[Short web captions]
▶

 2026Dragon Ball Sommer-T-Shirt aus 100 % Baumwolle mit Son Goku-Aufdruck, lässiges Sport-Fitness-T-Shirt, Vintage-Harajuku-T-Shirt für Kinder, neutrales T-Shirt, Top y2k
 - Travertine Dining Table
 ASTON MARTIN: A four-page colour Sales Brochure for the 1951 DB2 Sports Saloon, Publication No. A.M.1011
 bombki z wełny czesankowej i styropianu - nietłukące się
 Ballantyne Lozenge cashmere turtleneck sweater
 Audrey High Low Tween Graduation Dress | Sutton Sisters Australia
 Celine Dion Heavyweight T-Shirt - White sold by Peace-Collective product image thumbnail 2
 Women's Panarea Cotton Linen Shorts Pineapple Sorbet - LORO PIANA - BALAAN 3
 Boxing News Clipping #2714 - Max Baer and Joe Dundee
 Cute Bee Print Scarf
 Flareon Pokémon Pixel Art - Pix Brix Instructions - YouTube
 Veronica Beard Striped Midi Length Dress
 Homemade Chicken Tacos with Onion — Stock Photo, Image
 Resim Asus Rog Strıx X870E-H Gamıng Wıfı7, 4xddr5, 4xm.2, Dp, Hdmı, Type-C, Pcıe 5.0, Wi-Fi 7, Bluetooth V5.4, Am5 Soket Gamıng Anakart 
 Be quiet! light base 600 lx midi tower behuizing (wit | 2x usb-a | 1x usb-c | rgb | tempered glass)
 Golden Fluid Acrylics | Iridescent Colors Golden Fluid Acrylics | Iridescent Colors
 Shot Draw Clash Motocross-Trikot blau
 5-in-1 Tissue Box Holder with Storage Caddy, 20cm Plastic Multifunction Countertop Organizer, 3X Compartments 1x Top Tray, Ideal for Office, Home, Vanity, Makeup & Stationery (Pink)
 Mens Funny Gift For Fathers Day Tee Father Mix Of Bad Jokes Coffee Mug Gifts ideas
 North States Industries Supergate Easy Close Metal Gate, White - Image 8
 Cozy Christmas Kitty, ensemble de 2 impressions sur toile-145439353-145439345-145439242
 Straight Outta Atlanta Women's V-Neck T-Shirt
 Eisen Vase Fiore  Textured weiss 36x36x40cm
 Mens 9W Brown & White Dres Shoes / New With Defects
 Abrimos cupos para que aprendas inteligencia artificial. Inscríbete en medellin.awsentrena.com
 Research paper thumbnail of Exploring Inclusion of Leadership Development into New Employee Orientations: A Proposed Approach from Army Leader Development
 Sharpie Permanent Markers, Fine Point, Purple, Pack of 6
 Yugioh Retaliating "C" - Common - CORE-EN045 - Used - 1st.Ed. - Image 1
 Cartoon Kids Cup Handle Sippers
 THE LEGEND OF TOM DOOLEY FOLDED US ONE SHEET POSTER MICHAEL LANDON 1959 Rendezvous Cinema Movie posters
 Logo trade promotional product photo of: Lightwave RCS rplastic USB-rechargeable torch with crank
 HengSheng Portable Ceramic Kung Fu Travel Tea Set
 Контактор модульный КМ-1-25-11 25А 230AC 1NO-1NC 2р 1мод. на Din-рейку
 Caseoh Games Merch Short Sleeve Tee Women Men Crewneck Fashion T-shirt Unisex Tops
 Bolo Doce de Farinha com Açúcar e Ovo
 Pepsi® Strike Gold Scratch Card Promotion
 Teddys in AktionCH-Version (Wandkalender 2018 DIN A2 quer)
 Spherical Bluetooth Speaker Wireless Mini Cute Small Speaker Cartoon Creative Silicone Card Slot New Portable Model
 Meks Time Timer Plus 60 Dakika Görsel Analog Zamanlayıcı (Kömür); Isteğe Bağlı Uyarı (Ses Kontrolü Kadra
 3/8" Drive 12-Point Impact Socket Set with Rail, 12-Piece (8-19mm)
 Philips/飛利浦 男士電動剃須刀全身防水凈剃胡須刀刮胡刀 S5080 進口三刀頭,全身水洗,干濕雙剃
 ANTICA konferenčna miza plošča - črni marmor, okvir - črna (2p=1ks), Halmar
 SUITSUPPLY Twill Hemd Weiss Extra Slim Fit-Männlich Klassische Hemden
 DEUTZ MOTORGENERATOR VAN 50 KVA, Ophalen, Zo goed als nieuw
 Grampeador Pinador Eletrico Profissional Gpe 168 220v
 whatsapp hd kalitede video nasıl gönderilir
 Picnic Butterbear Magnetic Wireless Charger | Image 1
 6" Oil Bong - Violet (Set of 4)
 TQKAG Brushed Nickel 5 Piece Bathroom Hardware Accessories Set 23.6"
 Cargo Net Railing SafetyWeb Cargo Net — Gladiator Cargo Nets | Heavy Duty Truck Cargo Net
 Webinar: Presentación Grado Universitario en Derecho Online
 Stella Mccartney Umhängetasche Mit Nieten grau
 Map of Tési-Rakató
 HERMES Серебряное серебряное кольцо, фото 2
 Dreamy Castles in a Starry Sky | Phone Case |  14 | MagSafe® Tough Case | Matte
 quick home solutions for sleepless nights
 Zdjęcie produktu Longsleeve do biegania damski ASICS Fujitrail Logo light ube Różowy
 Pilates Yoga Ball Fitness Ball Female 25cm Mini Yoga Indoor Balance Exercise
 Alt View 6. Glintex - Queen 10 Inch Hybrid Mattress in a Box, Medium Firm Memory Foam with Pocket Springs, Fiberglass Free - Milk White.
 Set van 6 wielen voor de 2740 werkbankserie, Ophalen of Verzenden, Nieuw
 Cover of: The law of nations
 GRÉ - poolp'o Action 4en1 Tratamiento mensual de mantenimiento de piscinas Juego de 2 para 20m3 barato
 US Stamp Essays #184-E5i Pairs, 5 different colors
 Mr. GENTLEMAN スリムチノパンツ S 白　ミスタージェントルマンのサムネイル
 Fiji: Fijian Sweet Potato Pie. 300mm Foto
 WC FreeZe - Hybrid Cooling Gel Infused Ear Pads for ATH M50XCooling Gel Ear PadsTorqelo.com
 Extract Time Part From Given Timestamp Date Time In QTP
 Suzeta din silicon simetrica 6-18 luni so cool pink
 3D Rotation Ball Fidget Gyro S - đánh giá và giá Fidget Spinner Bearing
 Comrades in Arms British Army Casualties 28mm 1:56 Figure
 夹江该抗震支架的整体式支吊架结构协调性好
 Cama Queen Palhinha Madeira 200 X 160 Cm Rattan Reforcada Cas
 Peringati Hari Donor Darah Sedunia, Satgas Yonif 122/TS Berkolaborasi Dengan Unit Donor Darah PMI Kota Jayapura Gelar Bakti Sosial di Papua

◀

- [Exercise aim]: For the entries above, please state how many lines contain the string "Dress"; give the number and nothing else.

- [Answer space]: 2